> [RECORD EXCERPTS]:
═══

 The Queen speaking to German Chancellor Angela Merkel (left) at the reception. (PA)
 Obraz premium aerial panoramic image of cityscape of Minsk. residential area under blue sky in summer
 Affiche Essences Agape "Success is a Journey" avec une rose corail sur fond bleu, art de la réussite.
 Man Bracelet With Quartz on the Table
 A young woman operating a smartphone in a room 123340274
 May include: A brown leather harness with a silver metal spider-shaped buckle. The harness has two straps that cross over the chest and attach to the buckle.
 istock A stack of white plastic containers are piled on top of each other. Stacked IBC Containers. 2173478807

═══

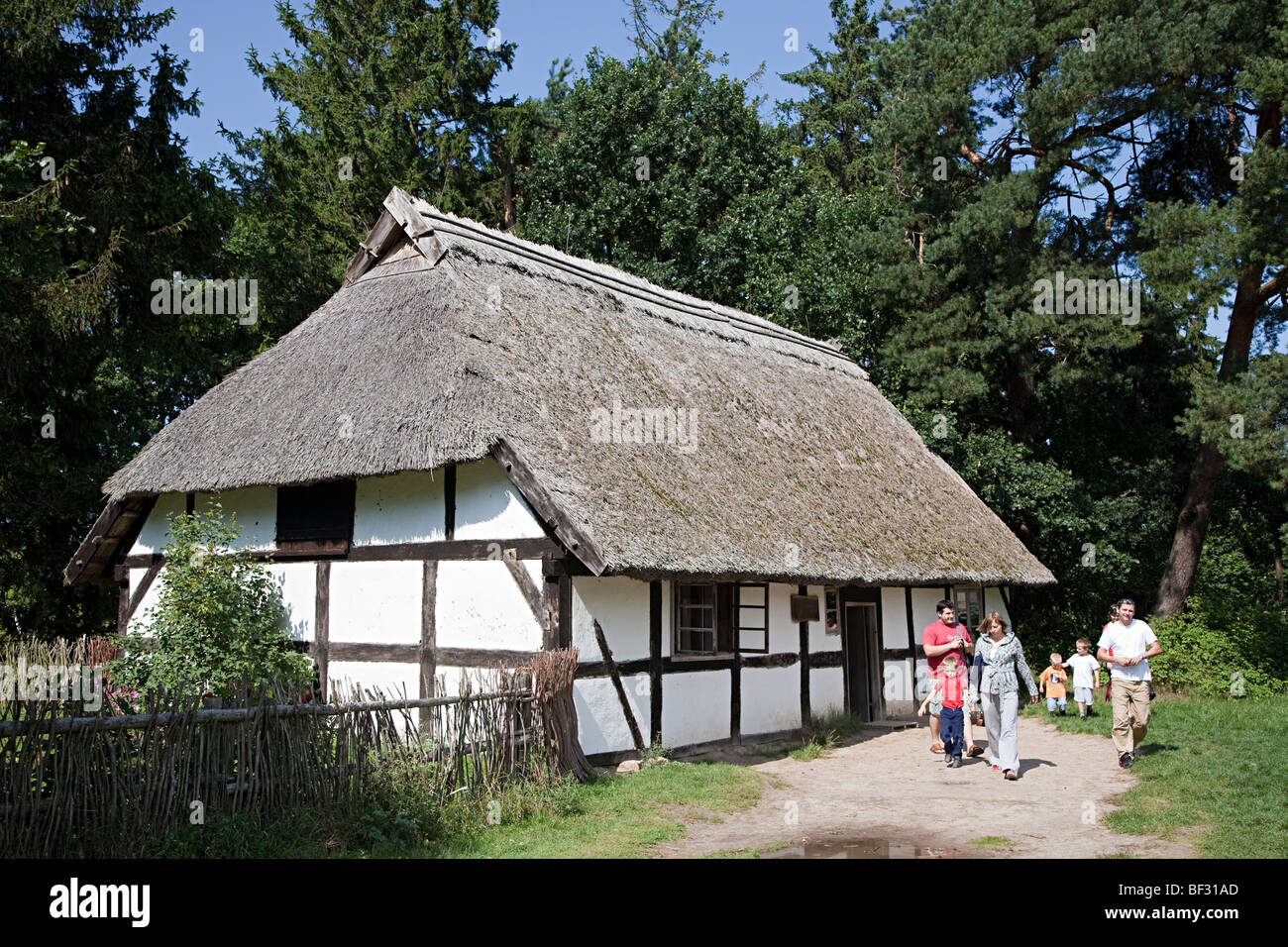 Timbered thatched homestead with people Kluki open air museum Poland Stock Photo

═══

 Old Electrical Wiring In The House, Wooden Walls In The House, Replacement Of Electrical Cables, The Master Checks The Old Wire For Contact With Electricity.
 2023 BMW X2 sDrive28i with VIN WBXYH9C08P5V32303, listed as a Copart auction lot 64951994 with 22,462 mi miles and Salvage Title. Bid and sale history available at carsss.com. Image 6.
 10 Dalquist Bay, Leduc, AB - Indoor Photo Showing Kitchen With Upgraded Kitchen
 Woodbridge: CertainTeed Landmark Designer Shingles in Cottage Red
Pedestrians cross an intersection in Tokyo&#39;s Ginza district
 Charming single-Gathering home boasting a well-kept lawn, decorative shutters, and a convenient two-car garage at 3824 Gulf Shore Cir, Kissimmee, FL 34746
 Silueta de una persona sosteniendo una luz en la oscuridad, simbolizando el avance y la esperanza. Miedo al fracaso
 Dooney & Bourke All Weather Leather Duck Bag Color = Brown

═══

> [PROBLEM DETAILS]: Could you retype exactly the lines above, starting at the line that contains "Pedestrians cross an" and ending at the line that contains "Dooney & Bourke", and nothing more?

> [TASK RESULT]:
Pedestrians cross an intersection in Tokyo&#39;s Ginza district
 Charming single-Gathering home boasting a well-kept lawn, decorative shutters, and a convenient two-car garage at 3824 Gulf Shore Cir, Kissimmee, FL 34746
 Silueta de una persona sosteniendo una luz en la oscuridad, simbolizando el avance y la esperanza. Miedo al fracaso
 Dooney & Bourke All Weather Leather Duck Bag Color = Brown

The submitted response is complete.